Cardio. Non mi è mai piaciuta quella parola. Chi dice che l'attività aerobica deve essere abbastanza intensa da essere stimolante dal punto di vista cardiovascolare? Per l'atleta fisico specifico (i.e. bodybuilder), l'esercizio aerobico può essere abbastanza lieve da ottenere uno MOLTO magro senza affaticare i sistemi cardio-polmonare e nervoso (che inducono una risposta catabolica dell'ormone dello stress, tra gli altri problemi).
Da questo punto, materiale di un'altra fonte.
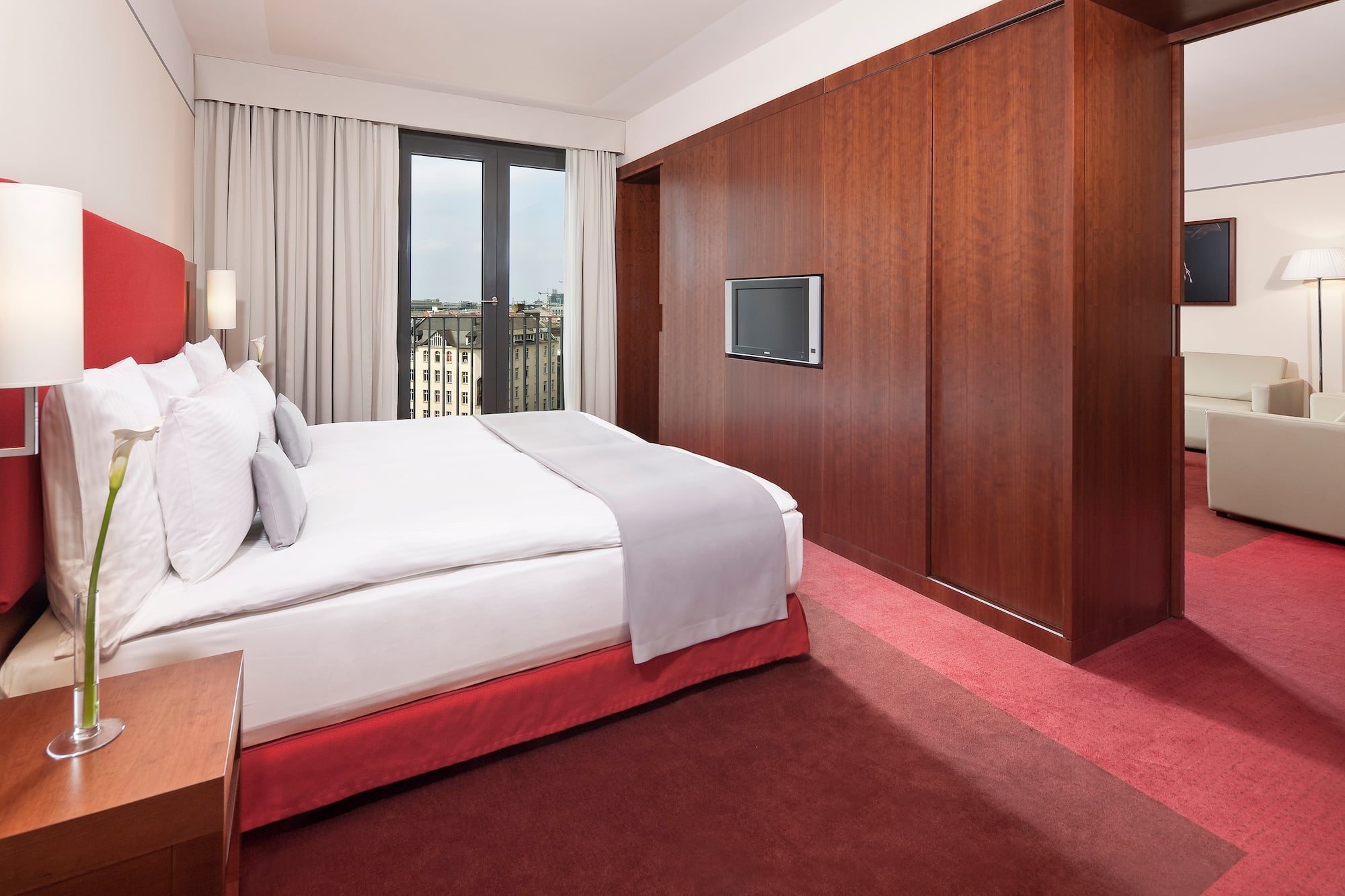 a bedroom with a large bed and a television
Un noto fisiologo dell'esercizio fisico che ho incontrato di recente in realtà insiste sul fatto che qualsiasi chiacchierata fatta nel suo ufficio è fatta con tutti che pedalano casualmente su cyclette piuttosto che seduti sulle sedie!
La mia preoccupazione per l'esercizio cardiovascolare frequente o intenso è che, per quanto trendy con i bodybuilder, può ridurre i guadagni muscolari. Lo vedo particolarmente problematico per i principianti e gli intermedi che cercano di risparmiare massa muscolare appena acquisita mentre si sporgono.
Quindi cosa possiamo fare? Cosa potrebbe essere incluso in una fase di strappo tradizionale per ottenere i massimi risultati? Ci sono molte cose.
* Ho ricevuto un X-vest a scopo di valutazione e posso affermare che:
Ottieni il concetto. Scegli qualcosa che ti piace che richieda movimento ma non uno sforzo intenso e fallo abituale. Registralo nel tuo registro di allenamento; La NEPA potrebbe essere quella variabile trascurata che sta sabotando i tuoi sforzi per la perdita di grasso. Se non hai un'attività sportiva preferita o un lavoro di routine da svolgere regolarmente, fai delle passeggiate mattutine prima una colazione contenente carboidrati o passeggiate serali dopo cena. Camminare (inclusa la camminata con pesi tramite gilet X, pesi per caviglie e polsi, ecc.) è un'attività estremamente sottovalutata e fornisce non solo un drenaggio calorico, ma un "recupero attivo" per un bodybuilder che si allena duramente. Non vuole essere un "condizionamento" o uno stimolo aggiuntivo per quella materia. Un mio amico powerlifter competitivo, "Fortress", ha persino fatto questo per aiutare il suo recupero neuromuscolare mantenendo al contempo il guadagno di grasso in eccesso durante le fasi di massa. Funziona.
La prossima volta diventeremo un po 'bizzarri con alcuni trucchi metabolici oltre alle attività fisiche lievi e non in palestra discusse qui. Non sono per tutti, ma sono concetti interessanti su cui riflettere quando ci si avvicina alla fine di una dieta che schiaccia il metabolismo!